O enterro secundário Bororo insere-se num conjunto complexo de outras práticas tais como danças, cantos, refeições comunitárias e destruição dos pertences dos mortos.
Cada morto é ritualmente representado por três sobreviventes, ou seja, um “representante” do finado, encarregado de dançar em sua homenagem, lavar e enfeitar os ossos do representado, e caçar um animal de desagravo, a fim de liberar do luto os parentes do seu morto; uma “mãe” ritual, parenta clânica próxima do finado que, juntamente com seu marido, o “pai” ritual, devem assumir pesadas obrigações cerimoniais (chorar, cantar, cortar-se o próprio corpo durante os funerais, devendo o último confeccionar a cabacinha funerária, carregada pelo “representante” durante as danças e as caçadas religiosas. Abatido e oferecido um animal de desagravo, de preferência um felídeo de grande porte, tal como uma onça-pintada, o “representante” receberá a recompensa de algum enfeite de penas e um nome, ambos pertencentes ao clã do finado, que poderá usar a seu bel-prazer. O beneficiado passa também a assumir diversas funções sociais do seu morto, entre os quais a obrigação vitalícia de cuidar do seu casal de “pais” rituais, enviando-lhes a carne ou o peixe que lhe tiver sido enviado pelas “almas” (termo que, no caso, designa o grupo de caçadores, representantes dos finados da aldeia) até o dia em que lhe permitam as forças.

Viseira
Esplendor plumário de um chefe clânico ao  realizar os funerais dos seus parentes.
As aldeias Bororo é formada por casas de palha, tradicionalmente dispostas em um círculo subdividido em duas metades (Ecerae e Tugarege) por um eixo leste-oeste, sobre o qual se acha erigida a casa central, centro de reuniões e cerimônias comunitárias.
Cada semicírculo e subdividido em quatro setores clânicos, correspondente, cada um, a um número variável de casas ou grupos domésticos.

Os alimentos preparados pela “mãe” ritual são levados para a choupana central por seu marido, o “pai” ritual, que, a portas fechadas, o oferece ao “representante” do seu finado. Visto as caçadas e pescarias das “almas” congregarem obrigatoriamente todos os “representantes” de finados presentes na aldeia, é possível avaliar a sua importância para a economia comunitária, principalmente pela vitaliciedade dos encargos assumidos. Instauram-se laços de solidariedade moral e econômica entre os casais de “pais” rituais e seus respectivos representantes. Estes últimos são designados de “filhos” pelo casal de “pais” rituais que, complementarmente, são designados de “mães” e “pais” pelos representantes. Portanto os funerais engendram, “famílias” rituais que, em nome dos mortos, se devem respeito e cuidados mútuos até o fim de suas respectivas vidas. Parentes rituais respeitam-se mais do que parentes comuns, não devendo brigar nunca e oferecer-se sempre os recursos materiais e espirituais mais nobres, de modo a gerar fortes focos de coesão social.

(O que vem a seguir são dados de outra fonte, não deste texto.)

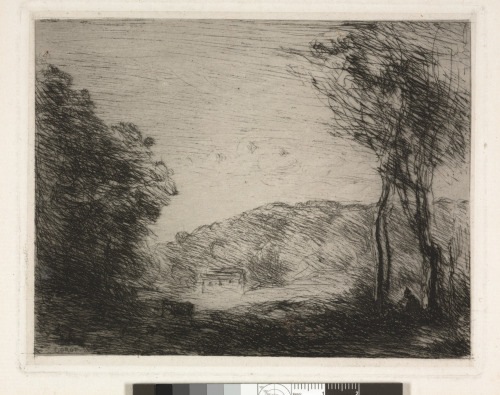 Campagne boisée - Image 1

Sob o ponto de vista sociológico, a instituição da representação dos mortos tem como ponto de partida de que o “filho” ritual seja sempre escolhido dentre os melhores caçadores da outra metade à do finados. Assim, morrendo homens ou mulheres Ecerae, seus “representantes” devem pertencer à metade Tugarege. E, vice-versa, morrendo um Tugaregedo, deverá ser escolhido um Eceraedo. Deste modo, o “filho” ritual pertence à mesma metade do “pai” ritual, e “mãe” e “filho” rituais pertencem a metade diversas. Invertem-se assim as regras de descendência, bem como os padrões de comportamento recíproco entre os parentes, pois quem oferece o alimento ao “filho” ritual não é a “mãe”,  mas sim o “pai”; o “mãe” ritual permanece espacialmente afastada do seu “filho”, enquanto mães e filhos pequenos comuns nunca se afastam uns dos outros; a “mãe” ritual jorra o sangue, vertido por meio de cortes, na superfície do seu corpo sobre o “filho” (aqui o termo se refere aos ossos do finado que, depois de limpos, são cobertos para receberem o sangue e as lágrimas, vertidos pelos “pais” rituais), enquanto a mãe comum derrama o sangue natural do corpo, por ocasião dos partos.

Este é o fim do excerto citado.